§ Provided data:
-*-*-

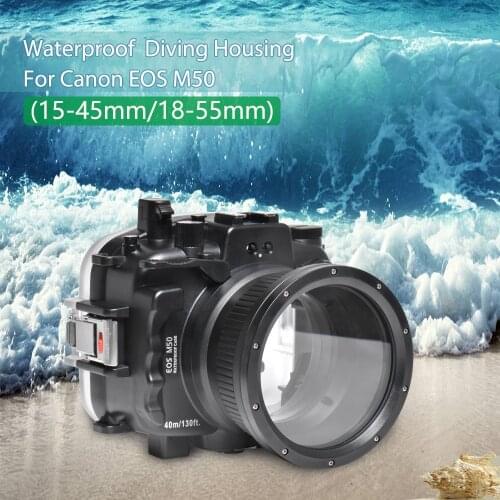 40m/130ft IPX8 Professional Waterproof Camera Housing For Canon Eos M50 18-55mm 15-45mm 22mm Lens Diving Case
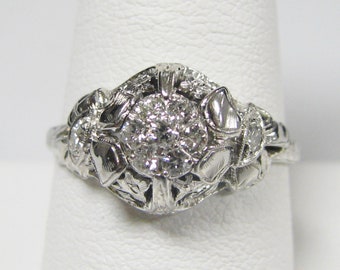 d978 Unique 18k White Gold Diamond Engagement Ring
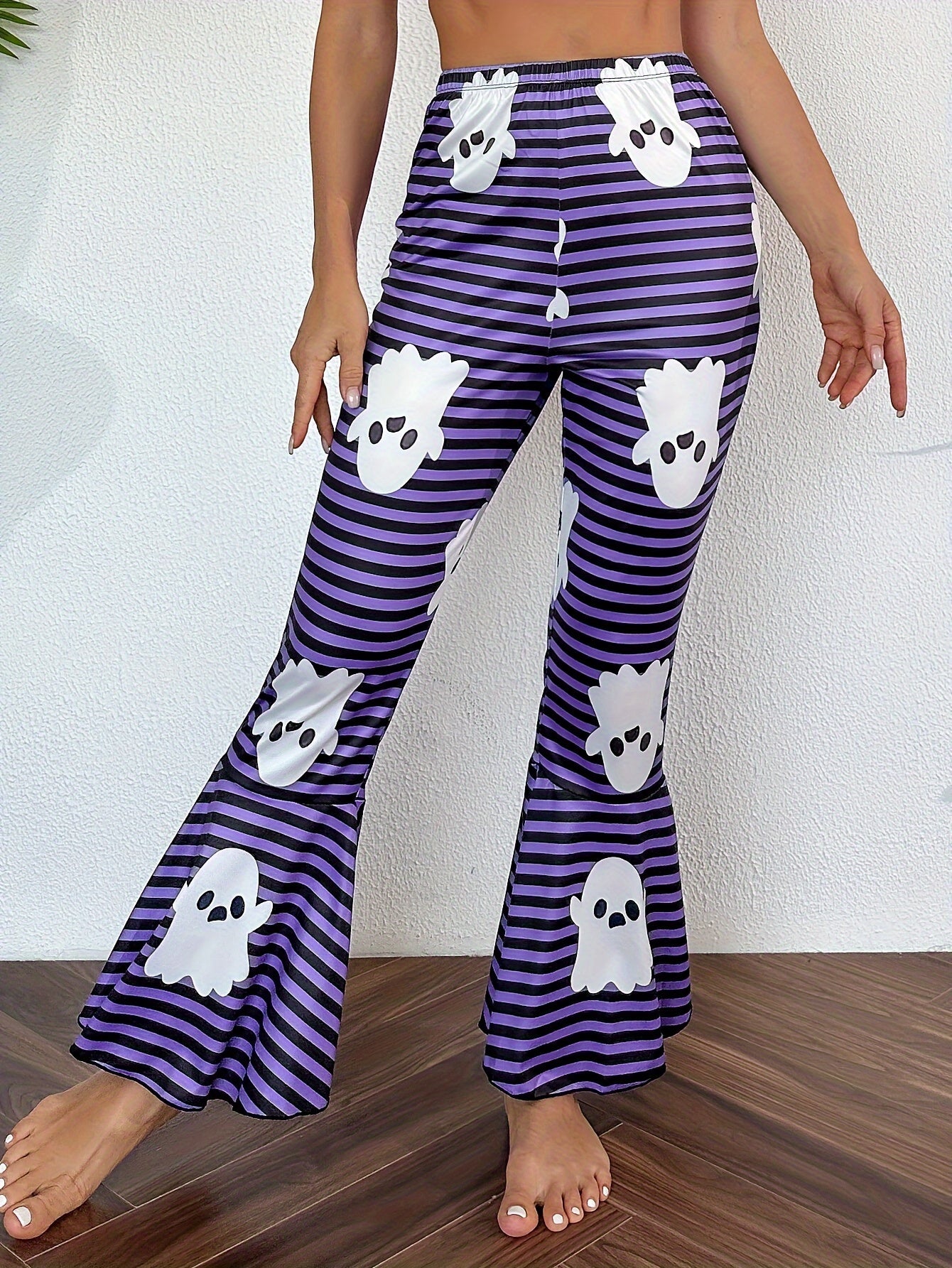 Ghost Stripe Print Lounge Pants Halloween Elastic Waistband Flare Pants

-*-*-

§ What is being asked: Line by line, write out the material exactly, leaving the images out.

§ Task response:
 40m/130ft IPX8 Professional Waterproof Camera Housing For Canon Eos M50 18-55mm 15-45mm 22mm Lens Diving Case
 d978 Unique 18k White Gold Diamond Engagement Ring
 Ghost Stripe Print Lounge Pants Halloween Elastic Waistband Flare Pants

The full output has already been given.